__DATASET EXCERPTS__:
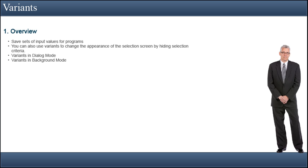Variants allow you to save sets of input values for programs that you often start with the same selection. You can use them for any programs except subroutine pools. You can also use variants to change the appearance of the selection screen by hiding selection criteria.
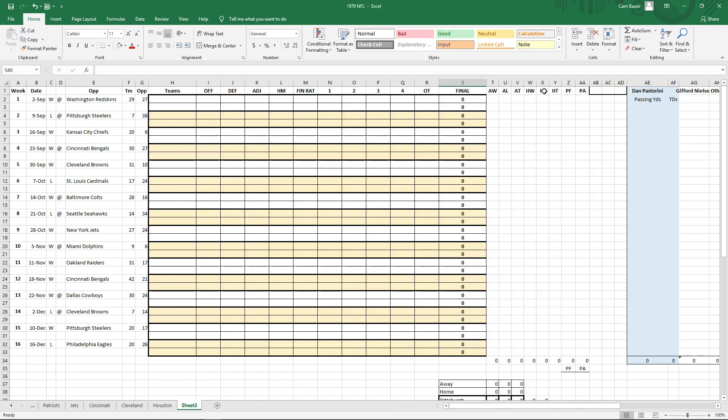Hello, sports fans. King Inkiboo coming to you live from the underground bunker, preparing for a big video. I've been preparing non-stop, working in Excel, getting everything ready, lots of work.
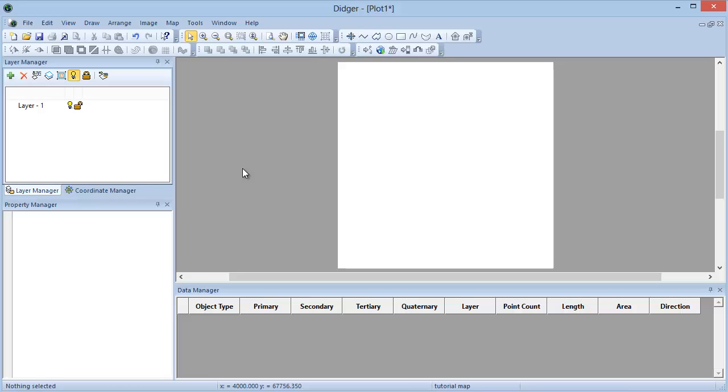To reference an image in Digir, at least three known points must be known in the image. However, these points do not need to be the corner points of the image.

...

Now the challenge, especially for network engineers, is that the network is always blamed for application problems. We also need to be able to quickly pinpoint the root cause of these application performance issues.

__WORK INSTRUCTIONS__: Although pictures appear among the entries, please set down only the lines from the one with "Variants allow you" up to and including the one with "To reference an", word for word.

__RESULT__:
Variants allow you to save sets of input values for programs that you often start with the same selection. You can use them for any programs except subroutine pools. You can also use variants to change the appearance of the selection screen by hiding selection criteria.
Hello, sports fans. King Inkiboo coming to you live from the underground bunker, preparing for a big video. I've been preparing non-stop, working in Excel, getting everything ready, lots of work.
To reference an image in Digir, at least three known points must be known in the image. However, these points do not need to be the corner points of the image.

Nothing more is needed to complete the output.